In the training cohort, the RD–DL model built via an early-fusion strategy achieved outstanding discrimination (AUC = 0.981). The Delong test indicated statistically significant differences in predictive performance between the RD–DL, RD–combine, and DL–combine models (P < 0.05). However, in the independent test set, the RD–DL model’s performance declined, achieving an AUC of 0.903, and the differences compared to the other models were not statistically significant (P > 0.05). The difference in AUC between the training and test sets (ΔAUC = 0.078) exceeded the commonly accepted generalization warning threshold (ΔAUC > 0.05), suggesting a potential risk of overfitting. This risk may be intensified by factors such as the limited sample size of 185 patients (130 in the training set and 55 in the independent test set), the use of different imaging equipment (Siemens scanners for training and Philips scanners for testing), and the reliance on N4 bias field correction, which may not fully mitigate equipment-related variations.Despite this performance drop, the RD–DL model still achieved a commendable AUC of 0.903 in the test set and maintained the highest net benefit within the threshold probability range of 0.2–0.8, underscoring its practical value in supporting clinical decision-making. To improve the model’s generalizability and clinical reliability, future research should focus on the following enhancements: Expanding to multicenter, large-sample cohorts to bolster model robustness; Implementing advanced harmonization techniques, such as ComBat correction or CycleGAN generative adversarial networks, to overcome the limitations of N4 correction and achieve cross-device feature alignment; Deploying an automated segmentation pipeline based on U-Net to minimize manual annotation bias.

Due to the “black box” nature of machine learning, we used the SHAP method to analyze the contributions of different variables in order to gain a deeper understanding of the risk prediction model. SHAP analysis provides a general tool for assessing the feature importance of machine learning models. In interpretable machine learning models, we use SHAP values to explain model outputs by calculating the contribution of each input feature across all samples in the dataset. We visualized SHAP values in both global and local forms to study the effects and interactions between variables. If the SHAP value is positive, it indicates that the feature has a positive contribution to the model’s prediction, and vice versa. In our study, SHAP analysis showed that deep learning features extracted from the DWI sequence were the most informative features.

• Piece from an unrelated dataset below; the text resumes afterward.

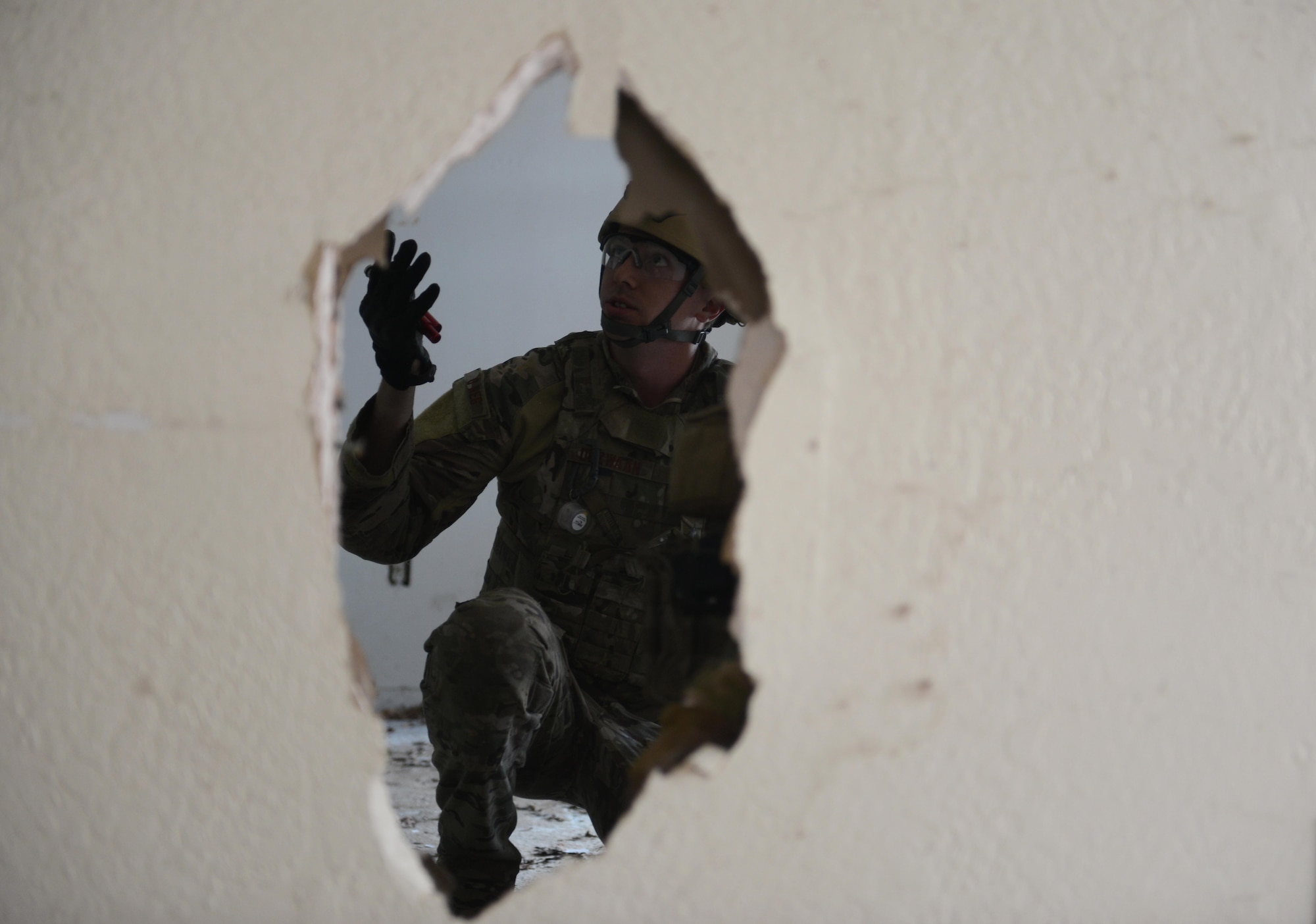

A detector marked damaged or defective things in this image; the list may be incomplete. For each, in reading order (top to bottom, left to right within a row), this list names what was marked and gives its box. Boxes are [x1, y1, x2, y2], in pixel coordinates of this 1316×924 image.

broken drywall edge [390, 35, 576, 218]
broken drywall edge [368, 779, 440, 900]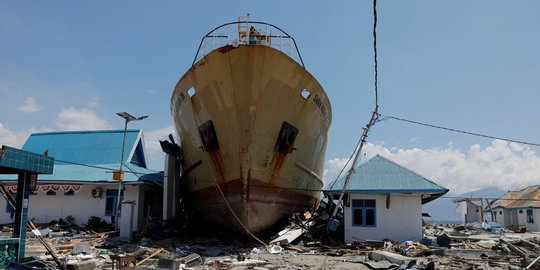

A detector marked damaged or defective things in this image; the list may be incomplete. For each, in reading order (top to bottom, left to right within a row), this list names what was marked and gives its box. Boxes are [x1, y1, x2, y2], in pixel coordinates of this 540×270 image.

The main risk factors for OLNM in cervical cancer include deep stromal invasion, FIGO staging, LVSI, histological grading, and tumor diameter30. As the FIGO stage of cervical cancer increases and the depth of stromal invasion increases, the extent of cancer lesions expands, potentially increasing the risk of OLNM. Therefore, it is reasonable to believe that higher FIGO stages and deeper stromal invasion in early patients with cervical cancer may correlate with a poorer prognosis31,32,33,34,35,36. In this study, significant differences were observed between FIGO staging and deep stromal invasion with OLNM across the entire dataset (P = 0.011, P < 0.001), as well as within the training set (P = 0.003, P < 0.001). However, these differences were not statistically significant in the test set (P = 0.135, P = 0.067). These findings diverge from those reported in previous studies12,13,25. This discrepancy is attributed to the small sample size and potential selection bias inherent in the test set data sourced from Medical Center 2. This underscores the necessity to expand the data sample size in future studies.LVSI positivity can indicate an elevated risk of LNM and serves as an independent risk factor for LNM37,38. Consistent with these findings, our study also demonstrated a significant association between LVSI and OLNM, with P values < 0.001 in both the training and test sets. However, as LVSI status requires confirmation through postoperative pathology, it has not been incorporated into the construction of the preoperative prediction model. Currently, the correlation between tumor diameter, histological grading, and the occurrence of OLNM in cervical cancer remains controversial39,40,41,42,43. In our study, there was no significant association between tumor diameter, histological grading, and occult LNM (P = 0.139, P = 0.263).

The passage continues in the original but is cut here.